THE value of exports slumped 5pc last year, pushing the annual trade surplus to its lowest level since 2008 as the impact of pharmaceuticals coming off patent kicked in.
But the end of 2013 showed signs of recovery, with seasonally adjusted export values rising 11pc in December compared with the previous month, preliminary figures from the Central Statistics Office show.
The trade surplus narrowed during the year by 12pc, driven by a sharp fall in the value of pharmaceutical and medical exports. The industry has been badly hit by the effect of the so-called patent cliff, a fall-off in the value of pharmaceutical sales as some drugs made here lose intellectual property protection.
Alan McQuaid of Merrion Stockbrokers said the effect of the patent cliff will be felt for some time yet.
“The pharmaceutical sector accounts for approximately a quarter of total Irish exports and half of merchandise exports,” he said.
“According to a research paper published by the Department of Finance last year, Ireland will continue to feel the negative impact of the patent cliff for some time to come, though the magnitude is unlikely to be as great as was felt in 2012.
“Furthermore, the headline impact should be offset to some extent by reduced imports through royalty payments.”
The trade surplus stood at €37.26bn at the end of last year.

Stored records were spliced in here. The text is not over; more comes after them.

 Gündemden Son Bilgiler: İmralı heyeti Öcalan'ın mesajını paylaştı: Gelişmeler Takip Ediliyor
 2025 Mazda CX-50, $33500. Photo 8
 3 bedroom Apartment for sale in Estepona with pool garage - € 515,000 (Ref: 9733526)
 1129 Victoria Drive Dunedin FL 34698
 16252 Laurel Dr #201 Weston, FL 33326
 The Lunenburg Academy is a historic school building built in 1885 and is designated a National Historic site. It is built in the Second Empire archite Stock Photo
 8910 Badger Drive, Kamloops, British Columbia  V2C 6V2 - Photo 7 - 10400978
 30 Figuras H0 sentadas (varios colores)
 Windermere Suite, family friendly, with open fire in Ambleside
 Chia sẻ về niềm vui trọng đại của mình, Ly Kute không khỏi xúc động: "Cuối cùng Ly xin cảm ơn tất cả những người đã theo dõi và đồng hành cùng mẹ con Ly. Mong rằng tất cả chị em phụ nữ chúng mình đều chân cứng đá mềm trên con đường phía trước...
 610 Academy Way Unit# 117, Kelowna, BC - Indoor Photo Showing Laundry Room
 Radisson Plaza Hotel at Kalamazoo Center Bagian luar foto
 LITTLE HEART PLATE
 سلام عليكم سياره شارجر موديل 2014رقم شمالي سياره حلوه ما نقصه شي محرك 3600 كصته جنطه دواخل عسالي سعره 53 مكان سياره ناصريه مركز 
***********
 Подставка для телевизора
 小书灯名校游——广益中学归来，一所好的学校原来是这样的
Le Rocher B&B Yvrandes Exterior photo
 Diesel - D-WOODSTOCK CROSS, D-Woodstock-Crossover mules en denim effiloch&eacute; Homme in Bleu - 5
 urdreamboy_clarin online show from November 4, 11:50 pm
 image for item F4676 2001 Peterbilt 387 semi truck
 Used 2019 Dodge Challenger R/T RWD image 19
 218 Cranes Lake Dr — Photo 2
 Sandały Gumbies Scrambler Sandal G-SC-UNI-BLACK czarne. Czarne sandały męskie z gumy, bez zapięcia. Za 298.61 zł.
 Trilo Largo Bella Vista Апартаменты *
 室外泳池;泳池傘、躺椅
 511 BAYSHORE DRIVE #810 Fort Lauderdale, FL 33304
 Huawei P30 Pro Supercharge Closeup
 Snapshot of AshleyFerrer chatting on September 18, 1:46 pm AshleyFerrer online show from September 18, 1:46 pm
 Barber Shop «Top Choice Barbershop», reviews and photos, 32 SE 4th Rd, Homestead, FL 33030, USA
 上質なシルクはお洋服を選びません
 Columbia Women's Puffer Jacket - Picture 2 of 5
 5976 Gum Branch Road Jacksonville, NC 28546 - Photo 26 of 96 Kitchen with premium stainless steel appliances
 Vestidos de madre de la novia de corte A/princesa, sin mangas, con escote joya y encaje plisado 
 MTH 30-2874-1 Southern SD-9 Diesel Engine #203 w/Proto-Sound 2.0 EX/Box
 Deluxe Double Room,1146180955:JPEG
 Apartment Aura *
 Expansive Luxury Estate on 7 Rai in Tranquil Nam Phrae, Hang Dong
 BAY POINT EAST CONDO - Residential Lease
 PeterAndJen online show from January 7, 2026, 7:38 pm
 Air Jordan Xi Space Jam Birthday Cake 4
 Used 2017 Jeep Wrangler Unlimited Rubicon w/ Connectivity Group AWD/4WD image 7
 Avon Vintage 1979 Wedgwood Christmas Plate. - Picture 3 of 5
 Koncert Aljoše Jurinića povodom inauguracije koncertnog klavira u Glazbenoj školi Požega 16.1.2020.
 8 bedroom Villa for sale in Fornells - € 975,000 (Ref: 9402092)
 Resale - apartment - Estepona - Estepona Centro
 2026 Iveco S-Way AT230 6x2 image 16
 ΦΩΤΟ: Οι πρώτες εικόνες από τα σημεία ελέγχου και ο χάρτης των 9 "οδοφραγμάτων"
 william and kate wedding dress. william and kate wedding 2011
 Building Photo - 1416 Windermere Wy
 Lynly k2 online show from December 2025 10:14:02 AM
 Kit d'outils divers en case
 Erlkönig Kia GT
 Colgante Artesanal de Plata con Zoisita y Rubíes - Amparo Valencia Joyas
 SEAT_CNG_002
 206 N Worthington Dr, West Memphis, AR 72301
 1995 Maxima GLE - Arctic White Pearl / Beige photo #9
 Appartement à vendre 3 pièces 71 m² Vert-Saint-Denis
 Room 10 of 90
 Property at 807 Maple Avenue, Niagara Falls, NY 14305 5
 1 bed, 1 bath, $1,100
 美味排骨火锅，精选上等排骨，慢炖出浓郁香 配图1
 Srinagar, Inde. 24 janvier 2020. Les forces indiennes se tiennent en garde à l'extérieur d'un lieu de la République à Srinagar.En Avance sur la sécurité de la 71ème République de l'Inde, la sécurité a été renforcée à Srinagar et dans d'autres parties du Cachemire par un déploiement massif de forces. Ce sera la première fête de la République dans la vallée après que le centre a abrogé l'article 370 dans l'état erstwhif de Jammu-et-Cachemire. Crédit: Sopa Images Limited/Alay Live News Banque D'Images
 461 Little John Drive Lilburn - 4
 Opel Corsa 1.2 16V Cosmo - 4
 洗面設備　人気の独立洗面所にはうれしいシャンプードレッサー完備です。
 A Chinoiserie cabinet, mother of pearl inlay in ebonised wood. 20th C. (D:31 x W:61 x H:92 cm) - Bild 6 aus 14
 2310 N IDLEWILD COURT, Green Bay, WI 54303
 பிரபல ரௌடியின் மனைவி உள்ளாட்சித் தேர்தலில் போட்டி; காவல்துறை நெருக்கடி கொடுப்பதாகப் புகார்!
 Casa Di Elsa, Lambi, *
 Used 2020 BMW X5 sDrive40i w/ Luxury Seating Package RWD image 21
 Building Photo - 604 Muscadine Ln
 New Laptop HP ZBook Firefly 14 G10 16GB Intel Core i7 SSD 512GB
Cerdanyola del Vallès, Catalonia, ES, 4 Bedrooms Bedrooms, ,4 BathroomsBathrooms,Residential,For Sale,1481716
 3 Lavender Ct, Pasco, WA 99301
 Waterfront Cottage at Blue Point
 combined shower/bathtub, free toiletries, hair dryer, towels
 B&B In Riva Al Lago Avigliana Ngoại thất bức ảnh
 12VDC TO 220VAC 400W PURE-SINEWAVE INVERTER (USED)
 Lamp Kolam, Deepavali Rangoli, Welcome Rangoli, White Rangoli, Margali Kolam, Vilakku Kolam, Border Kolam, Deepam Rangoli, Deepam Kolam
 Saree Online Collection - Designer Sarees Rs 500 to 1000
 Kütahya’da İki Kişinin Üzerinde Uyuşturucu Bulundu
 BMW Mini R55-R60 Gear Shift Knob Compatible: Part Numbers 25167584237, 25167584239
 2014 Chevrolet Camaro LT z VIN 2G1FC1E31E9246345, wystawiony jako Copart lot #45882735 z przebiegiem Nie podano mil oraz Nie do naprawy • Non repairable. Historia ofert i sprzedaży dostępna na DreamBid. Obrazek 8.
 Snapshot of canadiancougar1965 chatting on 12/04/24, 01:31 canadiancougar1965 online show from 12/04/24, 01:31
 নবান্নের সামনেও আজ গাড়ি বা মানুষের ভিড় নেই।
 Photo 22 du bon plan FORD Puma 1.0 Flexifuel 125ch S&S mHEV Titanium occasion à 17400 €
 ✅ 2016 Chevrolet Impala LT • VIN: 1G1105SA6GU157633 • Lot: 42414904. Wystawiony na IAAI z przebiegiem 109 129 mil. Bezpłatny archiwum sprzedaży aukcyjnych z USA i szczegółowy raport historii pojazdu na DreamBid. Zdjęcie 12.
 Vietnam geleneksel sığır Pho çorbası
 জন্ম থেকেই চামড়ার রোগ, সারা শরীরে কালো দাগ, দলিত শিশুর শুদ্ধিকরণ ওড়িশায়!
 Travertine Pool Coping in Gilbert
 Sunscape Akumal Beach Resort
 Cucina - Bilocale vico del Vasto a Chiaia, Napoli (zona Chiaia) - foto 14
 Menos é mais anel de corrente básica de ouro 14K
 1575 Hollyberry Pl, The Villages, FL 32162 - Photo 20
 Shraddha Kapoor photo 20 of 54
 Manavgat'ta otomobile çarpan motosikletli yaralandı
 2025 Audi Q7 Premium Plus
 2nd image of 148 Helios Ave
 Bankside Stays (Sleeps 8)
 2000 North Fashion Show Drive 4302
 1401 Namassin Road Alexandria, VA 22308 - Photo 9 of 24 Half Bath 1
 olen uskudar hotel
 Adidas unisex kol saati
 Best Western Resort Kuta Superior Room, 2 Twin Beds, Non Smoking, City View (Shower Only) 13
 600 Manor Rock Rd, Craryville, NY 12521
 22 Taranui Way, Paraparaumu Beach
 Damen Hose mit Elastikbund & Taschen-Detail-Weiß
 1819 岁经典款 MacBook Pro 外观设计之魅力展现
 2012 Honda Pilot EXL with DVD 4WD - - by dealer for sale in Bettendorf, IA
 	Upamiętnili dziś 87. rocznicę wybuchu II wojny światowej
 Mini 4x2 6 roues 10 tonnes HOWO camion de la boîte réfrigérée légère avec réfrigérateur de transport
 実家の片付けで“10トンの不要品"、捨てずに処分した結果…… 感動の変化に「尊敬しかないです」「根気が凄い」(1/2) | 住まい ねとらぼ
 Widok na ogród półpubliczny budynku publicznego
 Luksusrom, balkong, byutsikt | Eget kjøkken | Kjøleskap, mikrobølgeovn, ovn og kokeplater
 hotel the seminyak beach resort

Imports rose 1pc over the year.
Specialist bank Investec said the figures weren’t surprising.
“We have known for some time that the 2013 outturn would be underwhelming, not least given the impact of the ‘Patent Cliff’, so today’s release comes as no surprise,” said Investec economist Philip O’Sullivan.
“Looking ahead, with releases such as the export component of PMIs pointing to robust appetite from overseas markets, we expect that the merchandise trade performance will see a uptick in 2014.”